■ THE PROBLEM:
Only the lines of the listing below that run from the line with "For this chapter, if" through the line with "She sees the" are to be set down, word for word. Pictures stay out.

■ DATA FOR REVIEW:
►
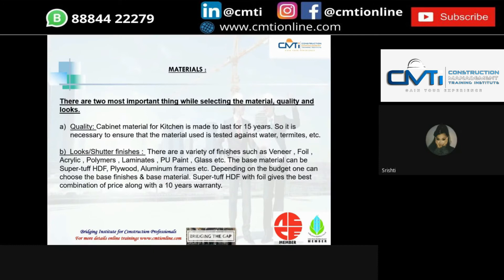The two important things while selecting material are quality and looks. The cabinet material for the kitchen is made to last 15 years, so it is necessary to ensure the material is tested against water, termites, etc. Variety of finishes include veneer, foil, acrylic, polymers, laminates, PU, paint, glass, etc. The base material can be super tough HDF plywood, aluminum frames, etc. Depending on the budget, one can choose the base finishes and material. Super tough HDF with foil gives the best combination of price along with a 10-year warranty.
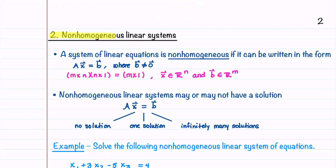We're now going to learn about non-homogeneous linear systems of equations. A system of linear equations is non-homogeneous if it can be written in the form AX = B, where B is not equal to zero. The sizes of A, X, and B are the same as for our homogeneous system. A non-homogeneous linear system may have no solution, one solution, or infinitely many solutions.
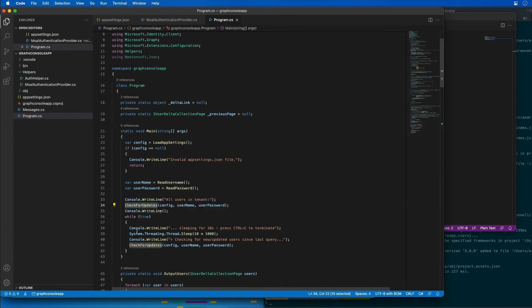We're going to issue the request once, then go to sleep for 10 seconds, and then do it again and again until our app is closed. The first request will result in the application obtaining the delta link that is used in future requests to include only the new and changed users. Each time users are requested, the delta link is going to be refreshed.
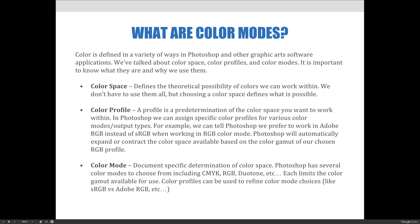Let's start by talking about how color is defined and displayed on a computer. Color is defined in a variety of ways in Photoshop and other graphic art software programs. We've talked about color space, color profiles, and color modes so far this semester. It is important to know what they are and why we use them so that we are making good decisions when preparing artwork.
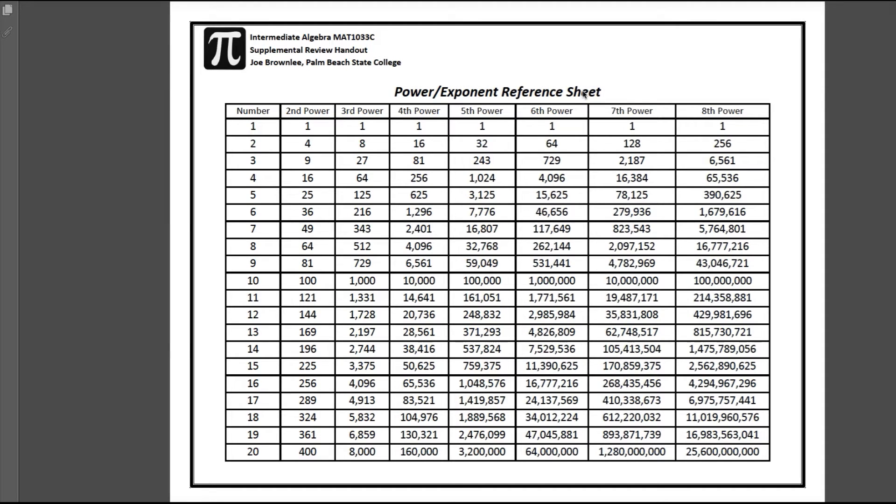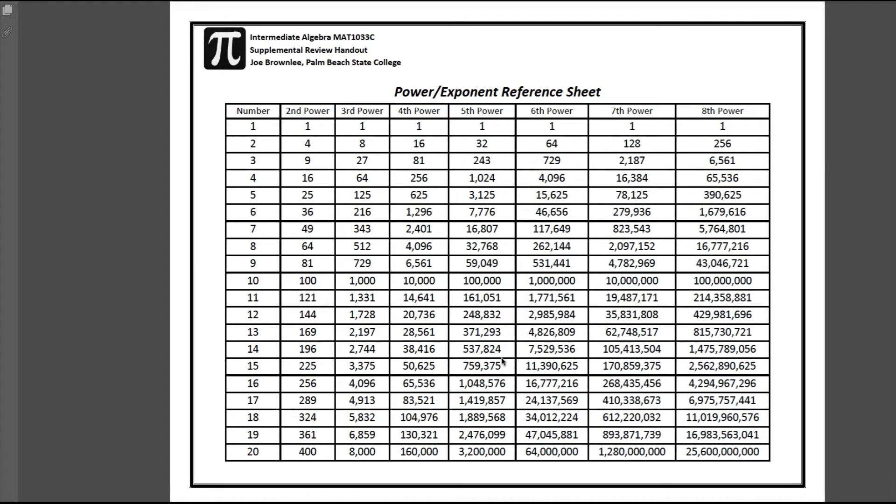For this chapter, if you've already started, hopefully you have, you'll recognize that we are utilizing radicals and a lot of exponents or powers. Many of your professors may have already given you a chart similar to this, but if not, I want to make this available to you as a download.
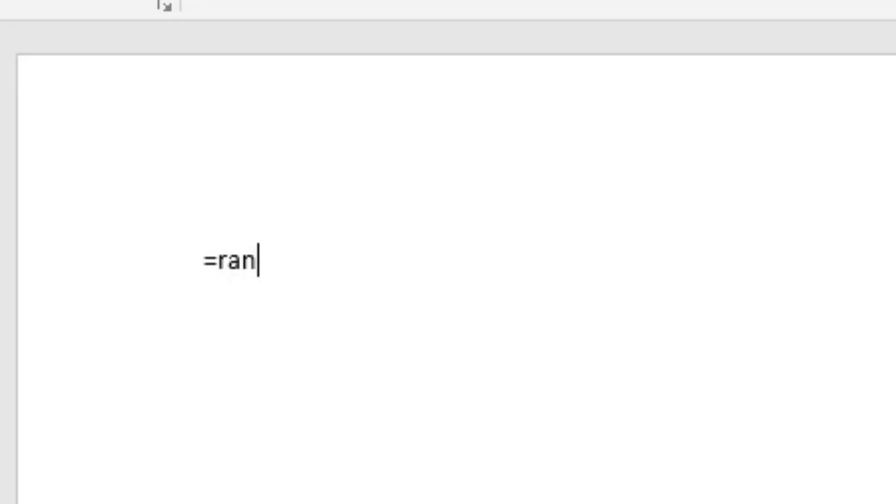Microsoft Office has an interesting trick. Type =RAND() bracket to get started.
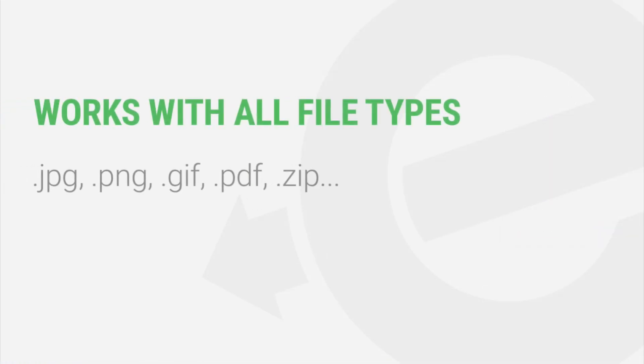This works with all file types, not just images. For example, you could use it to update a PDF or a popular zip file that you provide as a download.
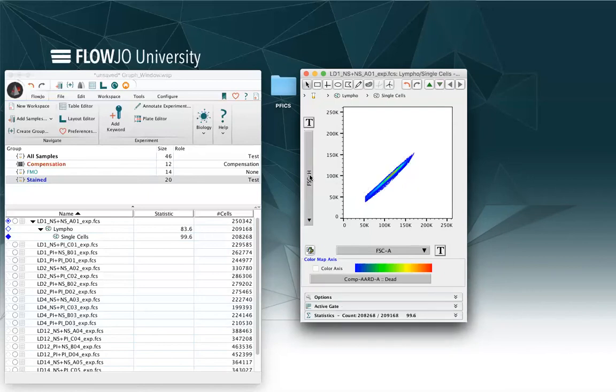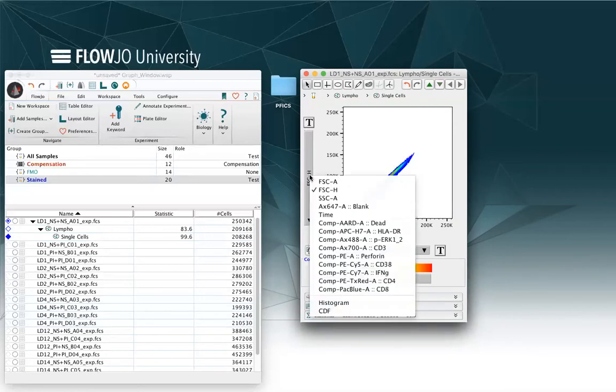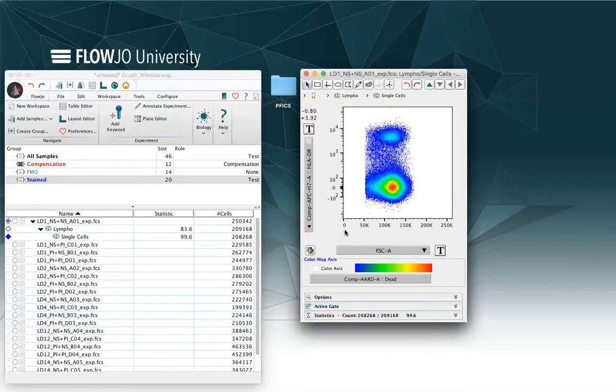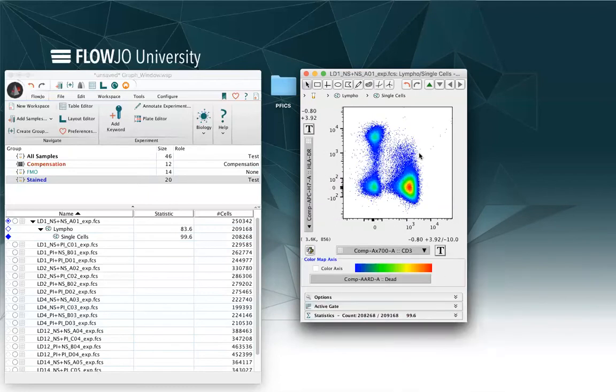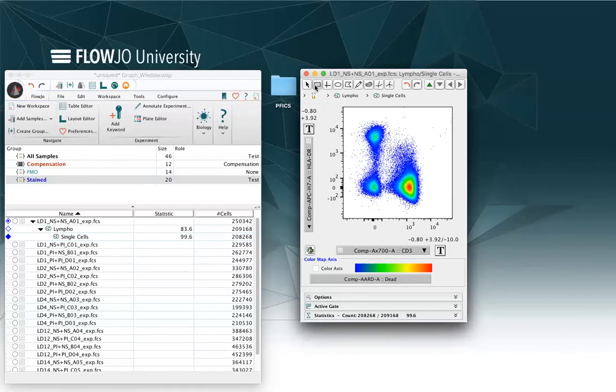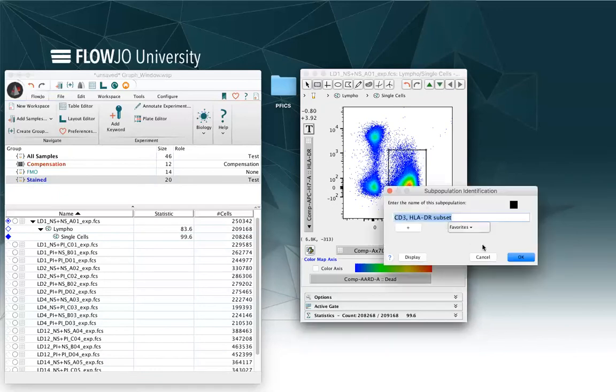If I open up a third graph window, I can select different parameters, for example, DR versus CD3. And in this case, I will have several options of creating a gate. I can select the rectangle gate and give it a name.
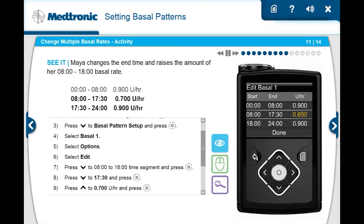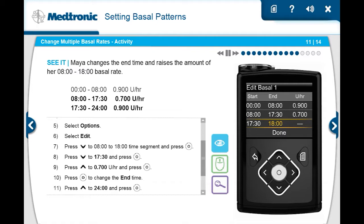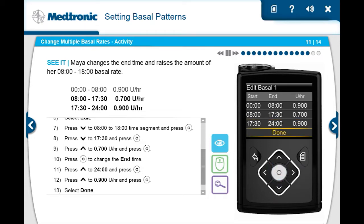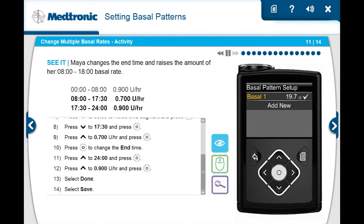She sees the start time of the third time segment changed to 5:30 p.m. and needs the end time rate to be set. She presses select to change the end time. Maya presses up to 12 a.m. and presses select. She presses up to set the rate to 0.900 units per hour and presses select. Maya selects done. She verifies the basal rates are correct and selects save. Maya has finished changing her basal rates.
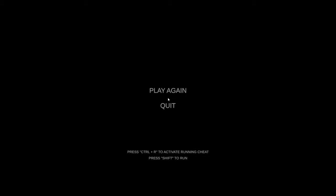Oh, press Control R to activate running cheat, press Shift to run. Okay well I'm gonna go see what happens if I jump instead.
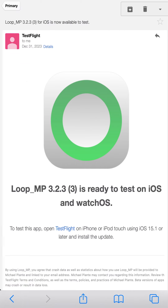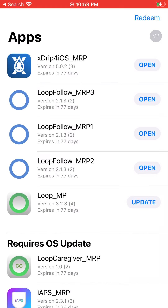You can also look out for an email from Apple Developer saying it's available. Once it is, you can open the TestFlight app, tap Update, and once it finishes loading, you're done. This build should be good for the next 90 days, so repeat the process before then.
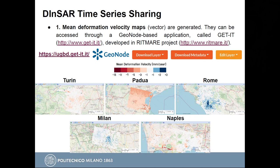Using the GET-IT platform, you can download the layers and metadata, and if you are an administrator, you can also edit the layers. We have mean deformation velocity maps for all five cities. We use the same style for all of them so that we can have a visual comparison between cities. For instance, you can immediately see that in Padova there has been an upward deformation movement on average, but in Rome, more than Milan, it has been the opposite. We set the style in GeoServer using SLD, which is an OGC standard.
◄
■ EXERCISE RESULT:
For this chapter, if you've already started, hopefully you have, you'll recognize that we are utilizing radicals and a lot of exponents or powers. Many of your professors may have already given you a chart similar to this, but if not, I want to make this available to you as a download.
Microsoft Office has an interesting trick. Type =RAND() bracket to get started.
This works with all file types, not just images. For example, you could use it to update a PDF or a popular zip file that you provide as a download.
If I open up a third graph window, I can select different parameters, for example, DR versus CD3. And in this case, I will have several options of creating a gate. I can select the rectangle gate and give it a name.
She sees the start time of the third time segment changed to 5:30 p.m. and needs the end time rate to be set. She presses select to change the end time. Maya presses up to 12 a.m. and presses select. She presses up to set the rate to 0.900 units per hour and presses select. Maya selects done. She verifies the basal rates are correct and selects save. Maya has finished changing her basal rates.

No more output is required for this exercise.